MOROCCAN WOMEN AND GENDER INEQUALITY IN THE WORKPLACE

http://www.europeanpwn.net/index.php?article_id=164

Both traditional and modern styles of clothing are deemed socially acceptable in Morocco.

I found this article particularly interesting as I am fascinated by the role of women in Arab society and culture. Moroccan society seems to be unsure of the role women should play. King Muhammad has certainly supported womens’ rights throughout his reign as king. Women enjoy more freedom than they did prior to 1999. This is evident in the workplace where women have begun to enter professions normally reserved for men. Women in Morocco can serve as pilots, judges and even murshidat (religious preachers). Traditionally the role of murshidat has been strictly reserved for men. Morocco is one of the only Muslim countries where women can serve in this role. While women in Morocco can pursue a wide array of professions, a recent UNICEF study indicated that Moroccan women make 40% less than men with similar degrees and positions.

I found it surprising that the author notes that an increasing number of Moroccan women are wearing the hijab (headscarf/veil). One reason the author gives for this shift is post 9/11 backlash against Muslims. In Morocco, the hijab is not a symbol of oppression. Women who chose to wear the veil perceive themselves as modern, educated and even emancipated. The streets of Morocco are filled with women wearing modern, western-style clothing and women covered in the traditional hijab. Both styles of clothing are deemed socially acceptable.

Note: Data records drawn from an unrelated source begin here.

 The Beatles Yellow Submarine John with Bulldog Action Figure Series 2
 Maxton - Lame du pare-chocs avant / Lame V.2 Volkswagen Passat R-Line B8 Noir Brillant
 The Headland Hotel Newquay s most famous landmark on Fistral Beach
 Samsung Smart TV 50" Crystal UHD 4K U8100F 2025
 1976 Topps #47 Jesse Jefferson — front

The structure of the Moroccan family has also evolved to mirror the times. In the sixties, the divorce rate began to rise in Morocco until it reached 50% in the eighties. Divorce rates remained elevated until enforcement of a new family code in 2004. The new family code, sponsored by King Muhammad VI, forces husbands to pay alimony to their ex-wives and helps to guarantee fair treatment of women after a divorce. Before 2004, women could be left in dire economic situations following a divorce.  I think that the treatment and view of women in Moroccan society has greatly improved in recent years. This change has been largely catalyzed by King Muhammad VI’s policies that support gender equality. Women in Morocco exhibit many more freedoms than the majority of women in the Arab world. With this said, there is room for improvement and Moroccan employers need to address the startling pay discrepancy between men and women.